The powerhouse songwriter Simon Mavin, who plays the keys and synthesizer, is a genius in terms of leads, synth texture choices as well as the neo-soul chord progressions. One of my favourite songs in the latest album, Longcat, is a short 1.5-minute track starting off with a simple arpeggio gradually accumulating so many different layers towards the end while the lyrics simply talks about ‘a cat being the longest cat in the world’.

This song reminded me of another song from their debut album, Ocelot, resonating with Nai Palm’s love for animals and the natural world. I would not prefer to call the words in Nai Palm’s songs as lyrics since lyrics sometimes connote a predefined structure and a forceful directionality of process. The poetry she writes for her songs reflects her influences, her dexterity with words, her malleable sense of rhythm and a genuine love for the beauty of the world in its different forms.

In Love Heart Cheat Code, the first track, Dreamboat, initiates us into a galactic journey to a new home, placing us in a musical vehicle of orchestral arpeggio with ambient sounds of water to create the atmosphere needed to enter the next track, Telescope. The love for outer space and rising curiosity for heavenly bodies is inherent in this catchy song where the listeners are made to feel like they are stargazing, contemplating their place in the universe.

Nai’s vocal prowess takes centre stage

The band has a history of working with polyrhythmic time signatures, often preferring an unusual choice of percussive elements. The drummer Perrin Moss’s vintage and stylish drum-kit looks like it has been assembled with archived objects domesticated over time like museum pieces, including ethnic instruments and different kinds of bells or ribbons attached to his hi-hats. Perrin hooks listeners with his nonchalant way of approaching complex time signatures and sudden shifts within songs. His fluidity in rhythm is highlighted in the quartet’s 2015 song, By Fire. The other standout and popular song in the latest album — Make friends — has one of the tastiest bass lines and grooves played by the ace bassist Paul Bender.

This playful yet socially relevant song with the hook-line, ‘You don’t make friends, you recognize them’, explores casual friendships and dating situations in today’s world, commenting on how our inner conscience works while making new friends, quite often betraying our true personalities by posing as the popular or the appeaser. Real and simple friendships are all about the gut feeling. The song also speaks about the conundrum of sensitive individuals desperately searching for true companionship and attention in a hyper information era of endless swipes fuelling artificial relationships.
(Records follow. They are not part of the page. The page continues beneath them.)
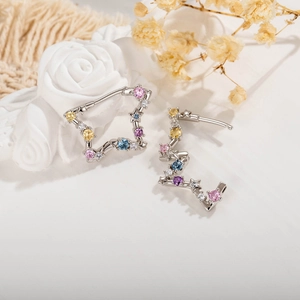 Elegant silver star earrings with colorful cubic zirconia set against white floral decor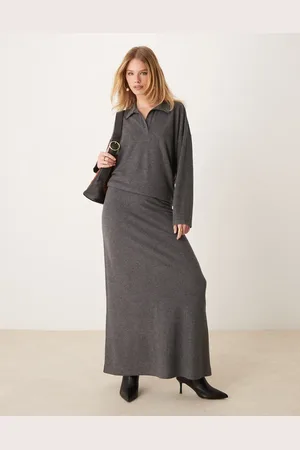 ASOS Fishtail co ord supersoft maxi skirt in marl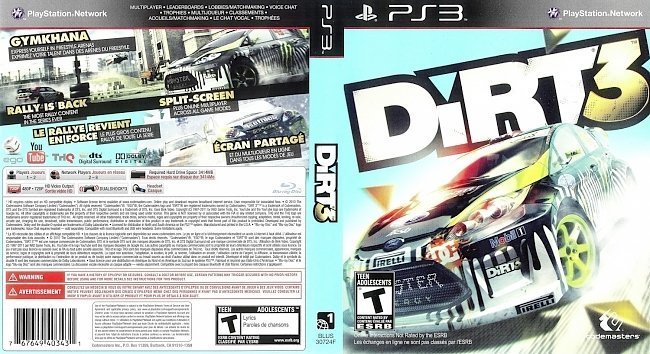 dvd cover DIRT 3 English French NTSC f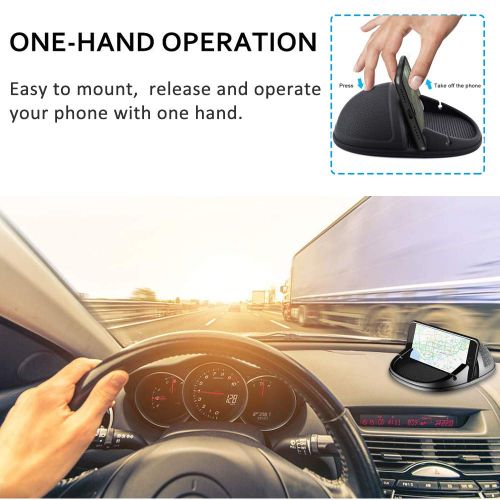  Car Phone Holder, Winique Car Phone Mount No Glue Silicone Dashboard Car Pad Compatible with iPhone X/8 Plus/7 Plus/6S, Samsung Galaxy S8 Plus/Note 8/S7 3.5-7 Inches Smartphone or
One of the catchy lines in the song: ‘Too many people, some of them rotten, Where are the good ones, how do we find them?’ The other popular song ‘Everything’s beautiful’, on a 3/4 time signature, has a funky dance feel to it with some intricate fingerpicking on electric guitar and a guiding bass line, with Nai’s vocal prowess taking the forefront. The range of her vocal abilities has always been fascinating for listeners all over the world. She can go from a teenage squeaky voice to a mature hoarse texture to that of an expert soprano within seconds in the same song.

Mysterious melody and hypnotic rhythms govern songs like Dimitiri and Love Heart Cheat Code, including a slightly detuned electric guitar strum in the latter. In Dimitri, the drums playfully make us sway in and out of a fixed groove, sometimes slowing down on purpose or speeding up, keeping the anticipation of tease alive. Like most of their songs, an underlying tension lies inherent throughout the length and pushes us into a diaphanous memory of their older songs.

The celebration of ethereal love

In terms of track placement and concept flow, this album definitely carries flashbacks of the grammar they followed in their first two albums — Tawk Tomahawk and Choose Your Weapon (2015). The spoken word, at times, effectively dissolves into the musical elements, leading to the hint of a new aural totem, forcing us to repeat the track and scroll the lyric sheet. Simultaneous meaning and musicality make every song age well over time. To give you an example of their innovative play with sound and spoken word, here’s a particular line from the song Dimitri:If you sit still/Tilt your head right/Click your heels three times.” While this line plays thrice, a finger-snapping sound plays every time she says the word ‘click’, instilling an appeal to nod.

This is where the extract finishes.